Syrian boy horrifically maimed in Aleppo shelling starts new life in Wollongong, Australia.


Aicha Al Shebli says life in the Syrian city of Aleppo was wonderful before the war.

Her family had all the privileges of a modern country — doctors, schools and relative safety.

But early one morning in April 2013, Ms Al Shebli said their lives changed in an instant.

“I was in the house, in the kitchen making dough for bread,” she told Lateline.

“It was early in the morning. The kids were outside, playing amongst the sheep.

“It was a nice warm day but then both sides started shelling, the government side and the [Free Syrian Army] side.”

One of Ms Al Shebli’s sons, Khaled, was inside, sick in bed.

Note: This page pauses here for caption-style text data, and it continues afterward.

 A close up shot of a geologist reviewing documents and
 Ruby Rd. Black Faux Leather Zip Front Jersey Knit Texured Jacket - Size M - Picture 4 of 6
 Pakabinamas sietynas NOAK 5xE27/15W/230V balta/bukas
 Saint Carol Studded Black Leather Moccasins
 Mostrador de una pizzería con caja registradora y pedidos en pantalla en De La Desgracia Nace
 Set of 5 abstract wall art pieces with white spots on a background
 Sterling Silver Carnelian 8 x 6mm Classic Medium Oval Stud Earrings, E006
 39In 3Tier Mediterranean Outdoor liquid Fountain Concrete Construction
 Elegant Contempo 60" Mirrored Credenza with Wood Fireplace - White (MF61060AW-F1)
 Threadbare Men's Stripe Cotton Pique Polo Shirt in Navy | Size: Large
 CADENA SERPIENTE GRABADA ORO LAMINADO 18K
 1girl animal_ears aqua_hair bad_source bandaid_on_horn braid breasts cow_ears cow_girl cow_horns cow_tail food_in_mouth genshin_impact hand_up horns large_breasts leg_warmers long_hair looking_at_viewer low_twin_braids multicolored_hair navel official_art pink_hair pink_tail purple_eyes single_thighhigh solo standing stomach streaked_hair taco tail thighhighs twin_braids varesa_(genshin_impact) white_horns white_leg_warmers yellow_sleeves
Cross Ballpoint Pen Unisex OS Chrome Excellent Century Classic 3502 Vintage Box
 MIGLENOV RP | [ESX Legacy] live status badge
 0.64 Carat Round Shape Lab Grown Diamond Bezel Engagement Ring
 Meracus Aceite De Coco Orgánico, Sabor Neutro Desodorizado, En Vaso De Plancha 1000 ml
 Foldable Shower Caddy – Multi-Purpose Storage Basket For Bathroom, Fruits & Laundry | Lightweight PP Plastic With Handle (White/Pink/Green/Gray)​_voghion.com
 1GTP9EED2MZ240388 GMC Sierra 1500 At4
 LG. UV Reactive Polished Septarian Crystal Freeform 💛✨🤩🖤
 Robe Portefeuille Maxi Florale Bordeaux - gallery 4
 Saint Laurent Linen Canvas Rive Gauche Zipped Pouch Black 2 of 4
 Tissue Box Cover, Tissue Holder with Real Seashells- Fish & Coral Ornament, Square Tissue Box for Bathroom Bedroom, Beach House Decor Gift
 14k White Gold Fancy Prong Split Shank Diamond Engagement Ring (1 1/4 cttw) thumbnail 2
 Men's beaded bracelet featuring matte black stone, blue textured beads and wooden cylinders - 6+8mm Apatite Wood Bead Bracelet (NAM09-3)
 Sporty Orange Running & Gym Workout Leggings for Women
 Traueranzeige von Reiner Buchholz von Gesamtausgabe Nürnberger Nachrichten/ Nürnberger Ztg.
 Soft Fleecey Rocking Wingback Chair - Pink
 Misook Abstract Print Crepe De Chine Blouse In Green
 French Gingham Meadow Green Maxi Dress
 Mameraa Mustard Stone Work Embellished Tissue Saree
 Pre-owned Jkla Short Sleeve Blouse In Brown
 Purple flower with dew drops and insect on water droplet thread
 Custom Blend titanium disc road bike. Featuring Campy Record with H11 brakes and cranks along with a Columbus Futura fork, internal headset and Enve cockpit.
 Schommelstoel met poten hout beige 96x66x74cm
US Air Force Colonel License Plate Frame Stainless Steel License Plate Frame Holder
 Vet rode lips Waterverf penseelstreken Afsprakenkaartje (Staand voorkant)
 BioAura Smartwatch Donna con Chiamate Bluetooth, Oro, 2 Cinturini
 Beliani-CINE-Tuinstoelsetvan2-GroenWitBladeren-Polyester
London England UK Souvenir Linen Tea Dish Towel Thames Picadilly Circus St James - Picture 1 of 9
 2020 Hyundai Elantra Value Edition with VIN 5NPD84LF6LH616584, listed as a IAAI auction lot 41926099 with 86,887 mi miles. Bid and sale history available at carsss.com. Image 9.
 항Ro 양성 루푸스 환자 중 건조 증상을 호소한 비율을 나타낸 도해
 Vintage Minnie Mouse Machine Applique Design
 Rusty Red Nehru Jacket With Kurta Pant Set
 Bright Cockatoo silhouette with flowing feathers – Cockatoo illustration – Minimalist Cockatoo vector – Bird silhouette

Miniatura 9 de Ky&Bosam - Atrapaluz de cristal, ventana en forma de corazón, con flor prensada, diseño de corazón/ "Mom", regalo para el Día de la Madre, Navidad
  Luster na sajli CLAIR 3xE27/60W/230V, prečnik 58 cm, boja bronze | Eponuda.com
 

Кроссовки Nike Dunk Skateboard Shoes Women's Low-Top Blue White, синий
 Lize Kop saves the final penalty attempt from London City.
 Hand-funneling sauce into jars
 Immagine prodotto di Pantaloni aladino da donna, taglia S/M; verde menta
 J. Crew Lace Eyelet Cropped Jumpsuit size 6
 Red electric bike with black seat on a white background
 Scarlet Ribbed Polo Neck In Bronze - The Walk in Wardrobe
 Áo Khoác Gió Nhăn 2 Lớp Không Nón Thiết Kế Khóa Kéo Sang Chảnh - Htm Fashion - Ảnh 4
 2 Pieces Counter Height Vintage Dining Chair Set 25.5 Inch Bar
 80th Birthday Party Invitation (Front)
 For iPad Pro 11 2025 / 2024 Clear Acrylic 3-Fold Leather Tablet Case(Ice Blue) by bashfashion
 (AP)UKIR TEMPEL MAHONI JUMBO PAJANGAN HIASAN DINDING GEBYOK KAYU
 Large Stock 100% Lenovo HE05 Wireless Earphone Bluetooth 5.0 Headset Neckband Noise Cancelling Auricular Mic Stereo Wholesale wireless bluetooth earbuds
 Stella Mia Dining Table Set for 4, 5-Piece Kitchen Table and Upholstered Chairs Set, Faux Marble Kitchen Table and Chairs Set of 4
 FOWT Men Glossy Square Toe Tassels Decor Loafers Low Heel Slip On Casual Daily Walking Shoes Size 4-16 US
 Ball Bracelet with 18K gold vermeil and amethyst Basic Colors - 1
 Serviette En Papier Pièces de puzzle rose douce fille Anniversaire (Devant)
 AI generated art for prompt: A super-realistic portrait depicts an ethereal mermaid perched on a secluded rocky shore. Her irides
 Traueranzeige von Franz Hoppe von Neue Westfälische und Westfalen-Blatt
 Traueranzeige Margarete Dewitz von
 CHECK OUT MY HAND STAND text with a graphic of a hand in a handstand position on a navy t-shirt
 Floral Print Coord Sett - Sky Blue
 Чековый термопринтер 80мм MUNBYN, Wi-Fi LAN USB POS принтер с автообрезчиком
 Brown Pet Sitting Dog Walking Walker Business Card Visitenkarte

When a rocket hit their house it sent a fireball into his bedroom and he suffered horrific burns to his face.

“I believe something in the rocket was toxic, that’s what burned his face off. The rest of his body was covered up and only the face was exposed,” Ms Al Shebli said.

Khaled Al Shebli has started school again since his latest operation. (Supplied)

The family still does not know which side fired the rocket that maimed their son.

After the shelling they fled to a refugee camp in north Lebanon where they spent the next nine months.

While there, the family came to the attention of an Australian aid worker, who took their plight to the Australian ambassador who helped facilitate three operations for Khaled in Beirut.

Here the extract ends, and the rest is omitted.